= Activity =
From the line that contains "Historic River Gauge" to the last line of the data below, transcribe every line exactly. Do not include the pictures.

= The input =
------
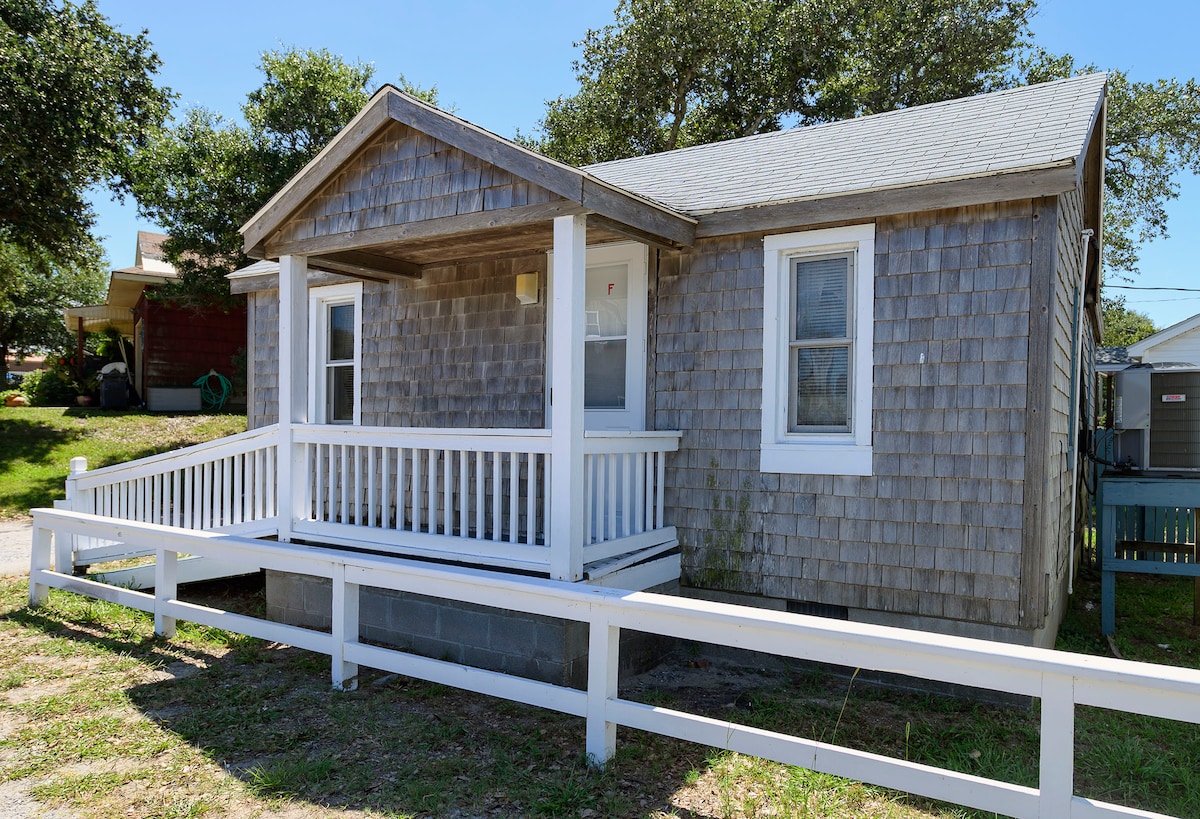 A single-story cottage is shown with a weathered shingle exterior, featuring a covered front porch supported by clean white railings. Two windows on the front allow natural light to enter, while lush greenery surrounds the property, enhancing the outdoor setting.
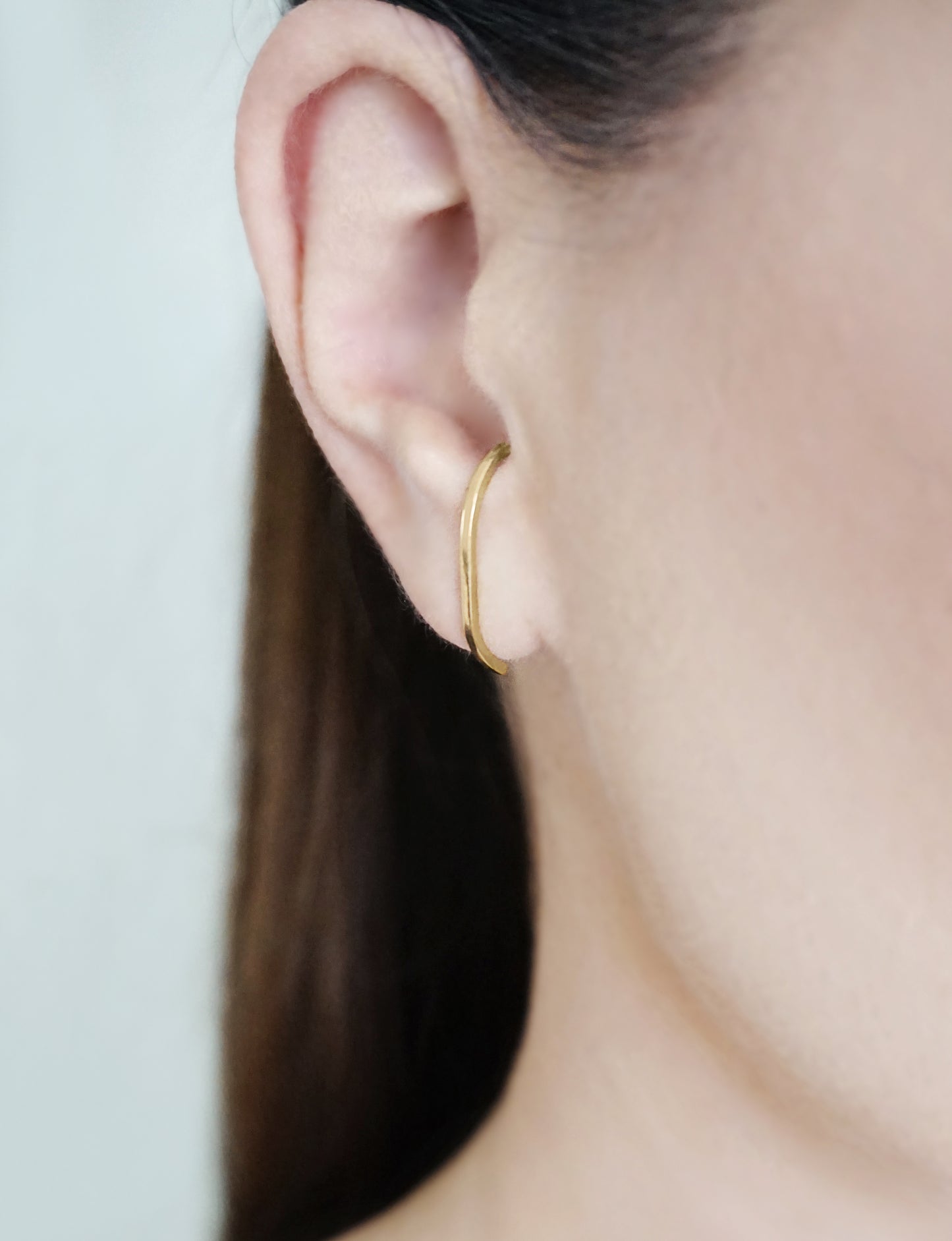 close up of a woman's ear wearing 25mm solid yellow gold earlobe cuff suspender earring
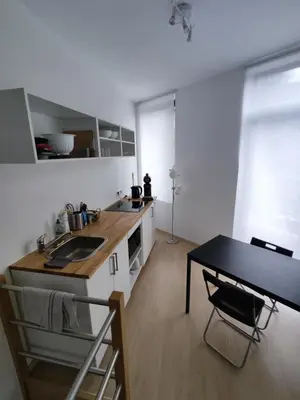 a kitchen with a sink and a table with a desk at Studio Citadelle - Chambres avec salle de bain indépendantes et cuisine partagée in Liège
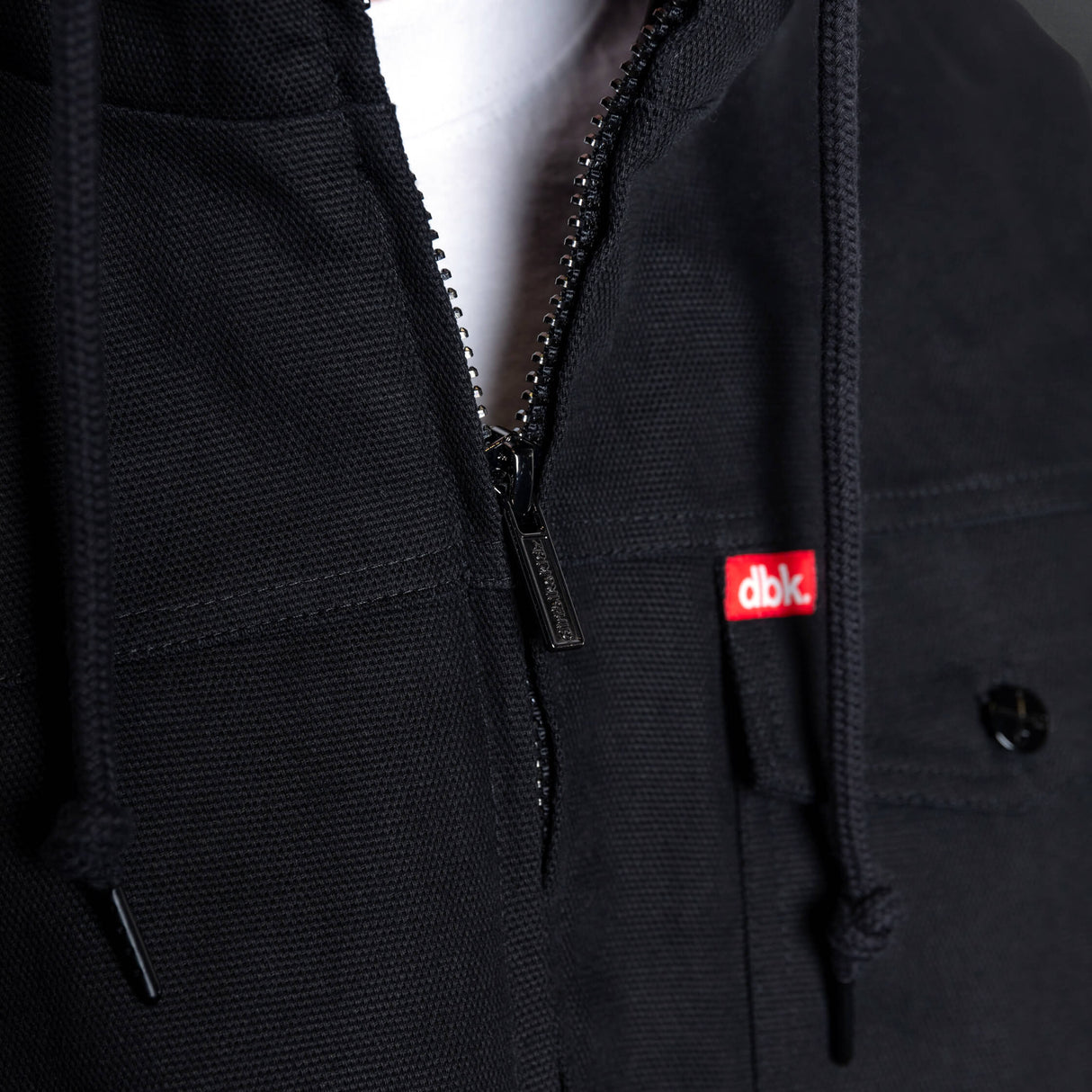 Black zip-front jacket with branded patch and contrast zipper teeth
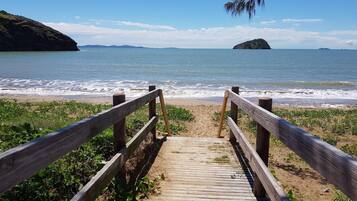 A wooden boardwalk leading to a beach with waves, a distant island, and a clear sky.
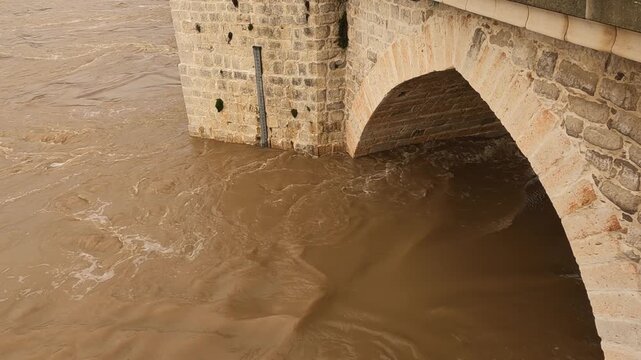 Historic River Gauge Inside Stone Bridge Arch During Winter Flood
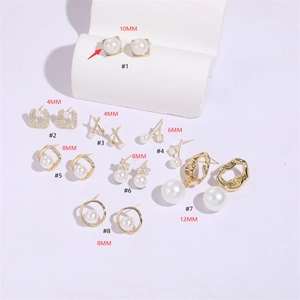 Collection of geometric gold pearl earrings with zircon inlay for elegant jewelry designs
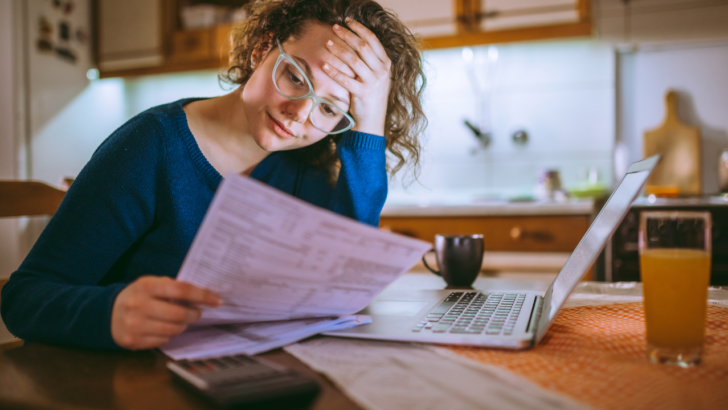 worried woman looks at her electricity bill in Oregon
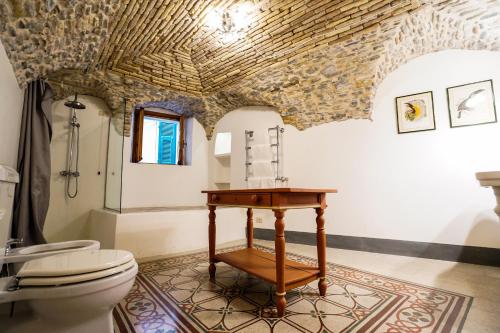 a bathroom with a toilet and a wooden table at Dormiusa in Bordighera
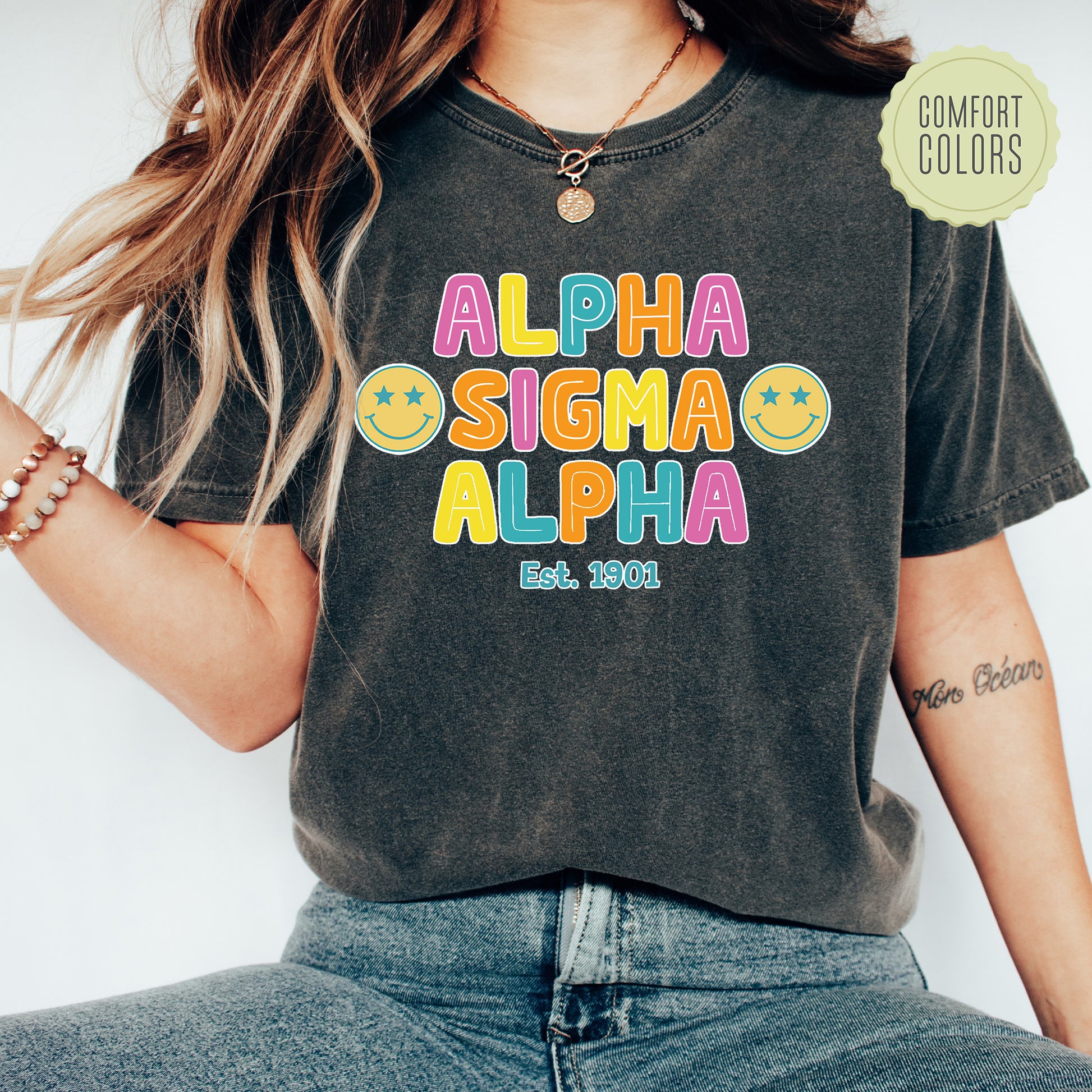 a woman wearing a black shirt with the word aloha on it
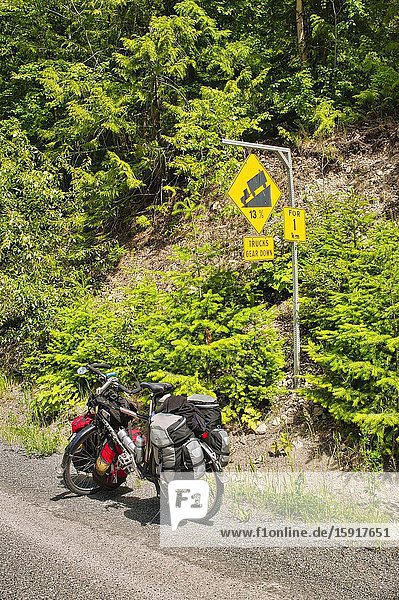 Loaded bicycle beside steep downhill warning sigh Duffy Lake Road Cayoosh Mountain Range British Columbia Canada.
------
= Answer to the problem =
 Historic River Gauge Inside Stone Bridge Arch During Winter Flood
 Collection of geometric gold pearl earrings with zircon inlay for elegant jewelry designs
 worried woman looks at her electricity bill in Oregon
 a bathroom with a toilet and a wooden table at Dormiusa in Bordighera
 a woman wearing a black shirt with the word aloha on it
 Loaded bicycle beside steep downhill warning sigh Duffy Lake Road Cayoosh Mountain Range British Columbia Canada.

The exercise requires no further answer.